1

I have hundreds of CSV files in a google bucket. I add more data on a daily basis and then I reload the table using this bq command:

$ bq  load  --replace  --project_id=my_proj-123  my_dataset_id.fav_table gs://my_bucket/table_data/*  <my schema>

Unfortunately, some of my data has duplicates. Is there some way to load the tables but without duplicate rows?

Tudormi
  • 1,092
  • 7
  • 18
user1367204
  • 4,549
  • 10
  • 49
  • 78

1 Answers1

2

You cannot prevent inserting duplicates in your BigQuery table by using the bq command.
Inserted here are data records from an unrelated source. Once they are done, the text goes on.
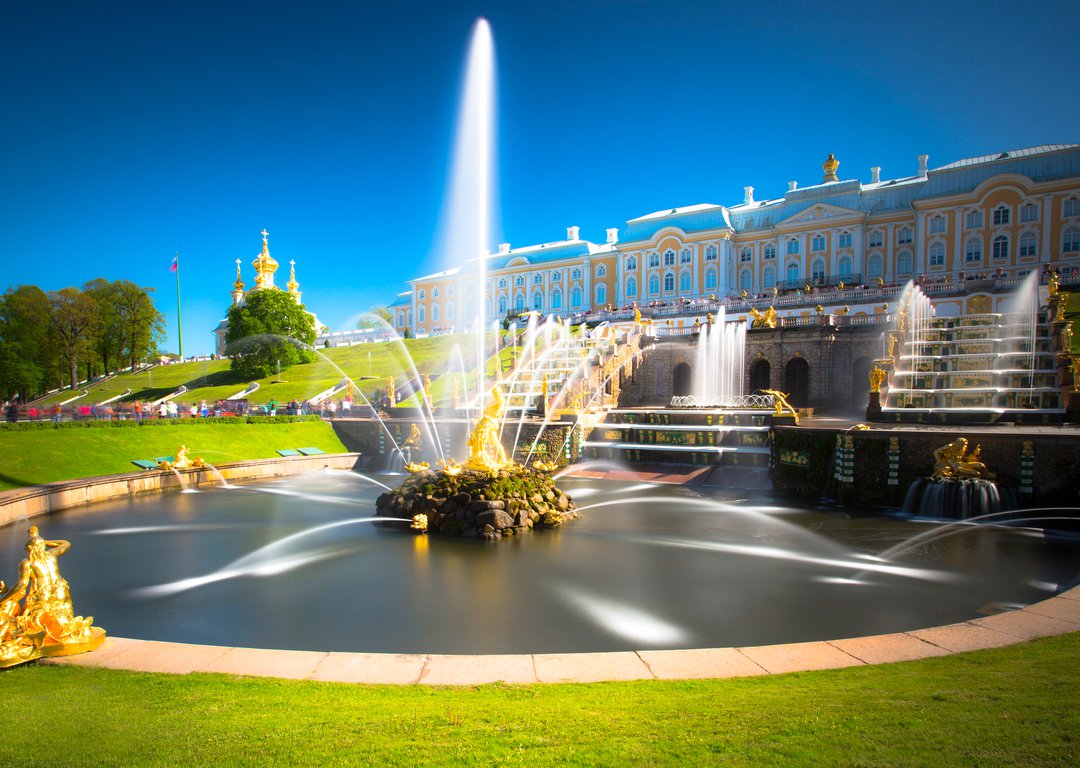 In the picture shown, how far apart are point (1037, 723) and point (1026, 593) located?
8.17 meters

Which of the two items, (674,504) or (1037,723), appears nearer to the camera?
(1037,723)

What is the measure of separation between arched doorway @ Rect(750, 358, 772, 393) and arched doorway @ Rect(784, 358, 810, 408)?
1.40 meters

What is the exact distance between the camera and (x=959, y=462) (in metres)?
17.3

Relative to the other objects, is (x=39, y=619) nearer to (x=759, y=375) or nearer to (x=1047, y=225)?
(x=759, y=375)

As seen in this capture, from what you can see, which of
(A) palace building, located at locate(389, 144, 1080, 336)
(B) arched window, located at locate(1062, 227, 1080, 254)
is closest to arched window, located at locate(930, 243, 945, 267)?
(A) palace building, located at locate(389, 144, 1080, 336)

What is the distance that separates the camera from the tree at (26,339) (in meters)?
49.8

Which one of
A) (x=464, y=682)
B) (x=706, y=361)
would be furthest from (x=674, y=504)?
(x=706, y=361)

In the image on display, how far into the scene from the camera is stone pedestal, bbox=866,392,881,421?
24.7m

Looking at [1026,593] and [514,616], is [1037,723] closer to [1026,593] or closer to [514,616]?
[514,616]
But you can manually remove the duplicates after insertion:

#standardSQL
SELECT
  MAX(count) FROM(
  SELECT
    [ID_COLUMN],
    count(*) as count
  FROM
    `[TABLE_NAME]`
  GROUP BY
    [ID_COLUMN])

This query returns the highest number of duplicate entries, based on the id column. You, of course, have to have a unique identifier that would define what a duplicate is in the dataset (in this case duplicates are rows with the same value of the id column).

If the return of the query is >1, it means that duplicates exist. Then, by running the following query:

#standardSQL
SELECT
  * EXCEPT(row_number)
FROM (
  SELECT
    *,
    ROW_NUMBER()
          OVER (PARTITION BY [ID_COLUMN]) row_number
  FROM
    `[TABLE_NAME]`)
WHERE
  row_number = 1

you would receive a duplicate-free version of your table. Duplicates are recognised and unaccounted, again, via the id column and a helper column, row_number. Note that it is then suggested to write the results in a new table (there is no altering of the original table, just a select of non-duplicated data).

Also, this question has a partial answer here: https://stackoverflow.com/a/43587206/3615567.

Tudormi
  • 1,092
  • 7
  • 18